▶ **Aim of the exercise**:
Your output consists solely of the lines from the one that contains "Hyundai The New" to the end of the material, each reproduced exactly; pictures do not belong in it.

▶ **Data records**:
..........
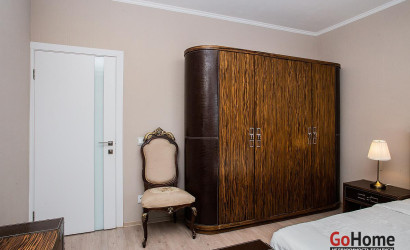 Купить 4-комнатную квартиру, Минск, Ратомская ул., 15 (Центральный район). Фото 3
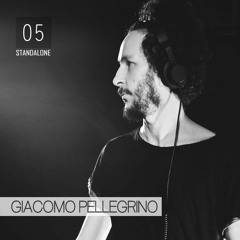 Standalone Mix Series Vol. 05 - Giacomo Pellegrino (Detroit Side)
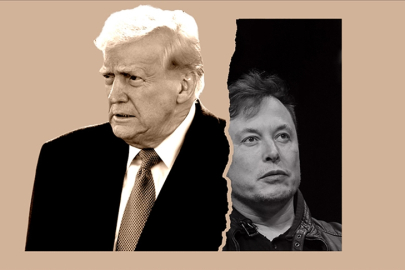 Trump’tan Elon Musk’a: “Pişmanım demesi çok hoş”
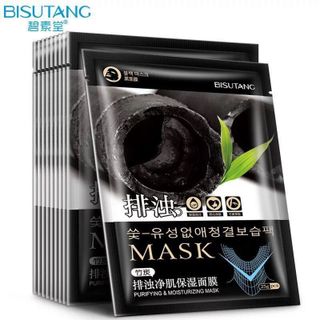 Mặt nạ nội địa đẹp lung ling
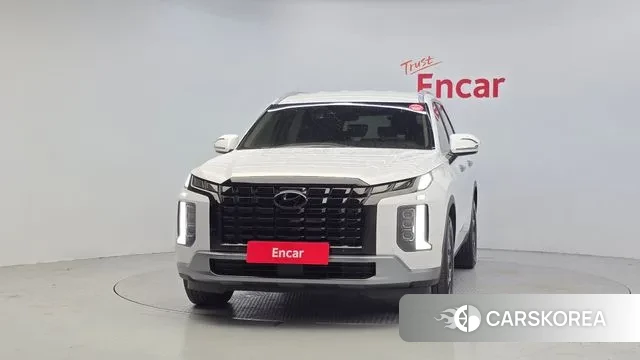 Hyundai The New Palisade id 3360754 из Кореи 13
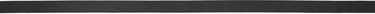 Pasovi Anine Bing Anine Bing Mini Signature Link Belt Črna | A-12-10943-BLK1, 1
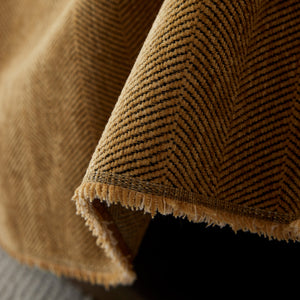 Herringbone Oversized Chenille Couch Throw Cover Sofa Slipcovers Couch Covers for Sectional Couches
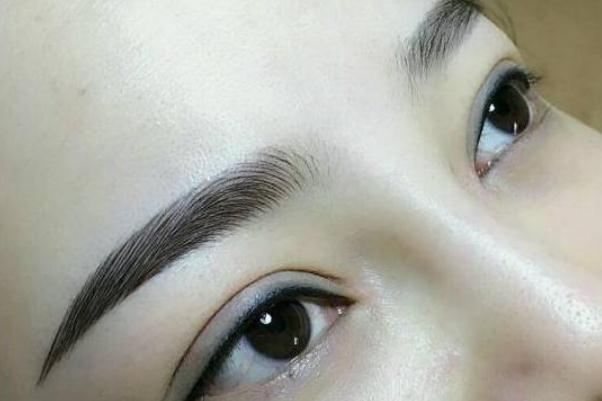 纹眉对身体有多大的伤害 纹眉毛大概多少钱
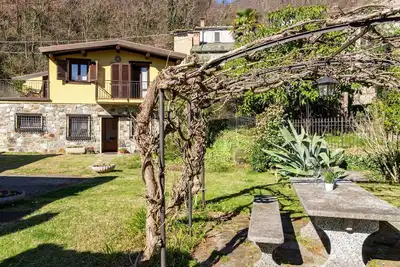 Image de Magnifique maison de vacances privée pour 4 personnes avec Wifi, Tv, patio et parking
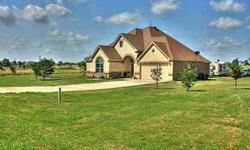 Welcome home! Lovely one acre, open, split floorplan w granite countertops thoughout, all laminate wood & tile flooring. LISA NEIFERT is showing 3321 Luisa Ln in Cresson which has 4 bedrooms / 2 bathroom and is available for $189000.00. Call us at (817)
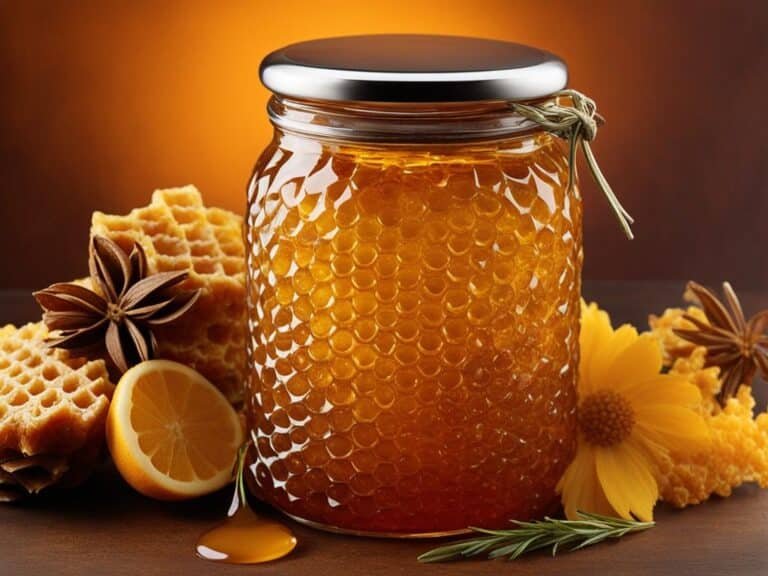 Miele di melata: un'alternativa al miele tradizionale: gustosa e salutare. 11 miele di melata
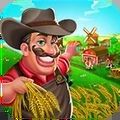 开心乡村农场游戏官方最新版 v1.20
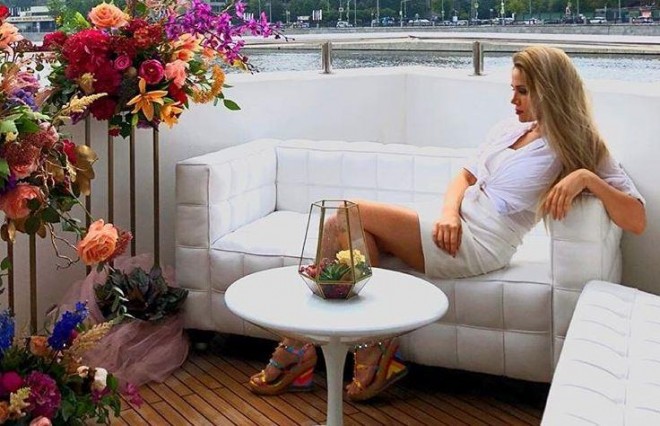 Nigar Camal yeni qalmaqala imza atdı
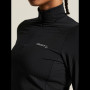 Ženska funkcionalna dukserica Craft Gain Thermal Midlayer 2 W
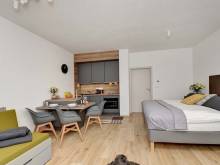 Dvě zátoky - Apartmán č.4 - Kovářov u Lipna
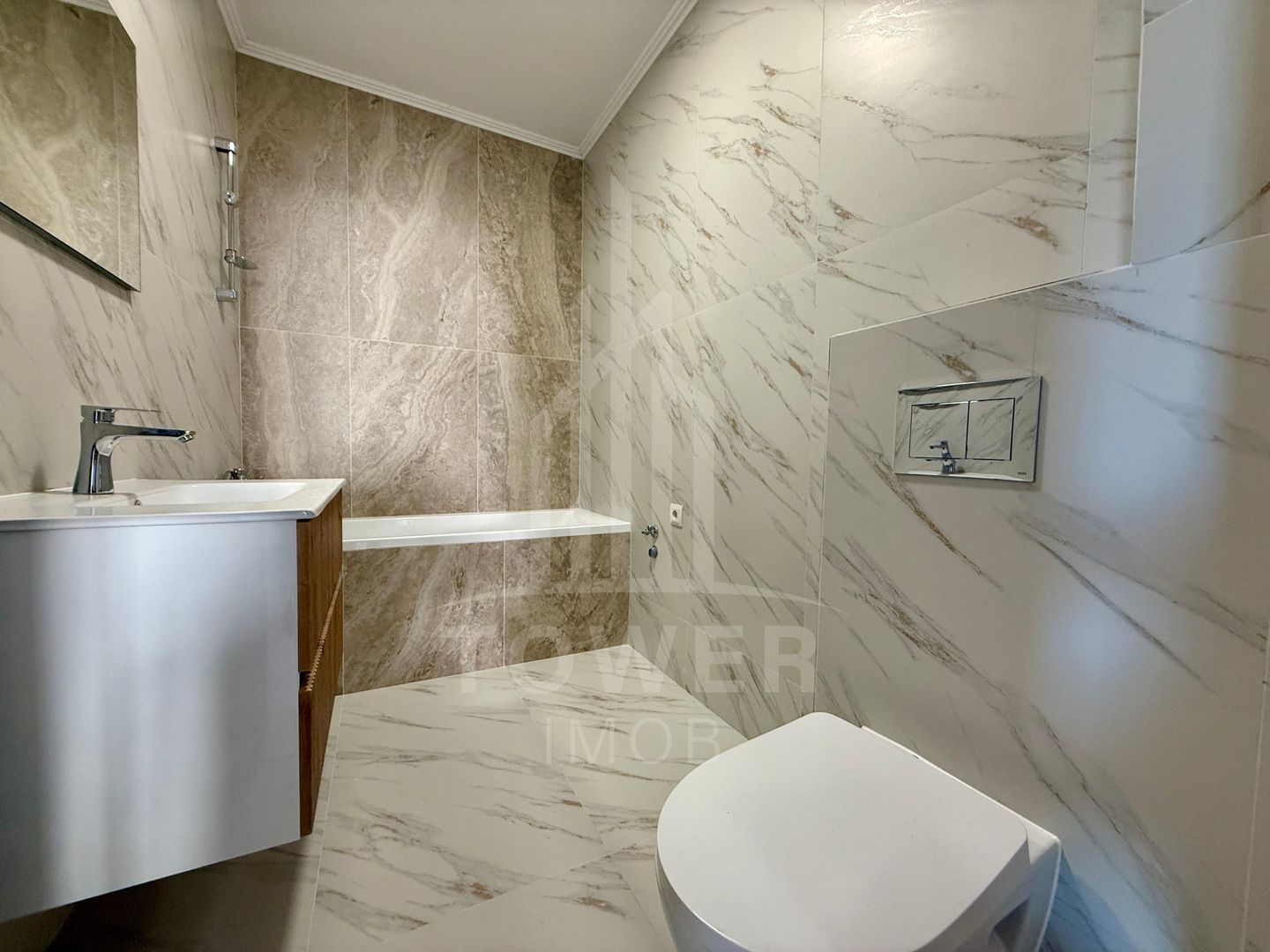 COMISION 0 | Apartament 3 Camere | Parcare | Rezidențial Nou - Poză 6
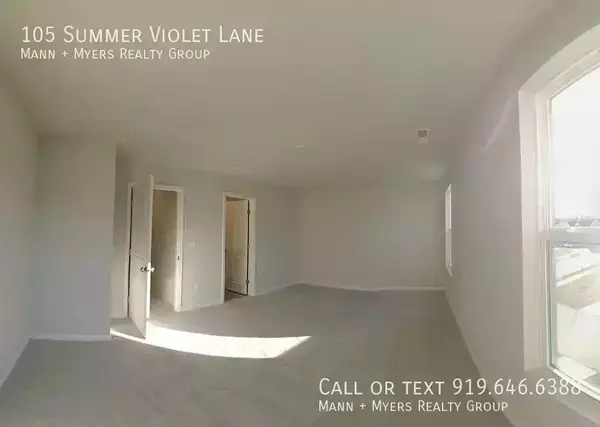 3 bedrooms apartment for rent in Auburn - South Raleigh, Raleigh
..........
▶ **Result of this task**:
 Hyundai The New Palisade id 3360754 из Кореи 13
 Pasovi Anine Bing Anine Bing Mini Signature Link Belt Črna | A-12-10943-BLK1, 1
 Herringbone Oversized Chenille Couch Throw Cover Sofa Slipcovers Couch Covers for Sectional Couches
 纹眉对身体有多大的伤害 纹眉毛大概多少钱
 Image de Magnifique maison de vacances privée pour 4 personnes avec Wifi, Tv, patio et parking
 Welcome home! Lovely one acre, open, split floorplan w granite countertops thoughout, all laminate wood & tile flooring. LISA NEIFERT is showing 3321 Luisa Ln in Cresson which has 4 bedrooms / 2 bathroom and is available for $189000.00. Call us at (817)
 Miele di melata: un'alternativa al miele tradizionale: gustosa e salutare. 11 miele di melata
 开心乡村农场游戏官方最新版 v1.20
 Nigar Camal yeni qalmaqala imza atdı
 Ženska funkcionalna dukserica Craft Gain Thermal Midlayer 2 W
 Dvě zátoky - Apartmán č.4 - Kovářov u Lipna
 COMISION 0 | Apartament 3 Camere | Parcare | Rezidențial Nou - Poză 6
 3 bedrooms apartment for rent in Auburn - South Raleigh, Raleigh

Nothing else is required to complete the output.